The Roman Congregation of the Propagation of the Faith had renewed its interest in the Guinea coast after 1640. Because the Roman authorities confused Warri with neighbouring Benin, a Spanish Capuchin mission dispatched in 1651 went to the court of the Oba of Benin, where it was expelled. Its survivors learnt at Príncipe that the established Christian court was at Warri. The continuing war between Portugal and Spain then prevented the Spanish friars from travelling to Warri aboard Portuguese vessels.

The Olu's letter, dated “Oery city of Santo Agostinho 20 November 1652”, responded to this failed mission. He explained that his kingdom adjoined Benin but was distinct from it, and identified himself—not the Oba of Benin—as the Christian ruler whom Rome's informants had described. He reported that more than seven years had passed without a priest and that, in the meantime, he had personally encouraged his subjects to remain in the faith.

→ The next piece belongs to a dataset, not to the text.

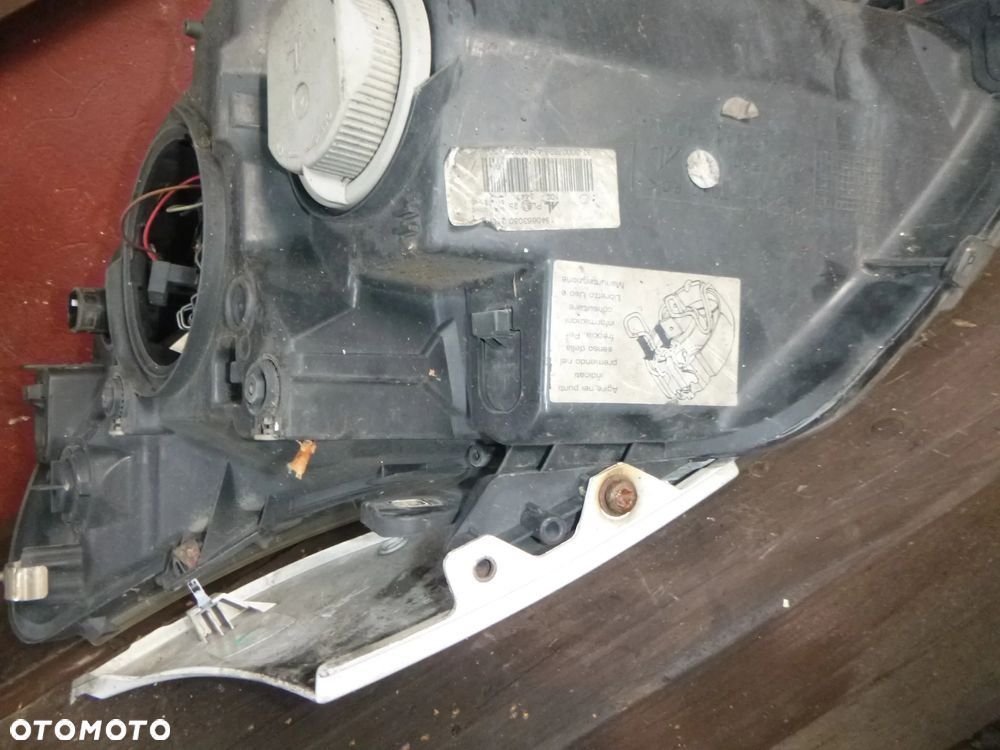 LAMPA PRZEDNIA BOXER DUCATO III JUMPER ORYGINALNA  PRAWA LEWA - 6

The letter asked Innocent X to send Capuchins, to arrange for priests to travel regularly with ships from Lisbon and São Tomé, and to provide relics for the Olu and the kingdom. The Olu offered interpreters and assistance if the missionaries attempted to evangelise Benin and other neighbours. He also said that he was writing to his “cousin”, John IV of Portugal, for help with the missionaries' passage and provisions, and recalled the Portuguese introduction of Christianity to Warri and Domingos's marriage to a Portuguese woman. The document joined religious language to diplomacy: the Olu offered spiritual obedience to the pope while addressing the Portuguese monarch as a royal relative and presenting Warri as a potential base for a wider mission.

The letter corrected Rome's geographical misunderstanding and helped renew missionary planning. In 1655 the Congregation prepared an Italian Capuchin mission for Benin and Warri; Italian rather than Spanish friars were chosen in an effort to reduce Portuguese opposition. The conventional king list places Oyenakpagha's death before the mission reached Warri, so its activities belong to the reign of his successor rather than to Oyenakpagha himself.

==Death, succession and significance==

The traditional chronology dates Oyenakpagha's death to about 1653 and places Omoluyiri, also known in later lists as Matias Ludovico, after him. The exact date and circumstances of Oyenakpagha's death, and his relationship to Omoluyiri, are not established by the contemporary documents.

Oyenakpagha's historical importance lies principally in the way his reign illuminates the connections linking a Niger Delta monarchy to Angola, São Tomé, Portugal and Rome. The traditions about his education and accession associate overseas mobility and imported wealth with royal legitimacy; the 1644 account shows Portuguese cultural forms embedded at the court; and the 1652 letter records the Olu speaking for his kingdom in his own diplomatic appeal. At the same time, the continued use of Itsekiri institutions and the limited reach of Catholic practice outside the court show that these connections did not amount to a wholesale replacement of local political or religious life.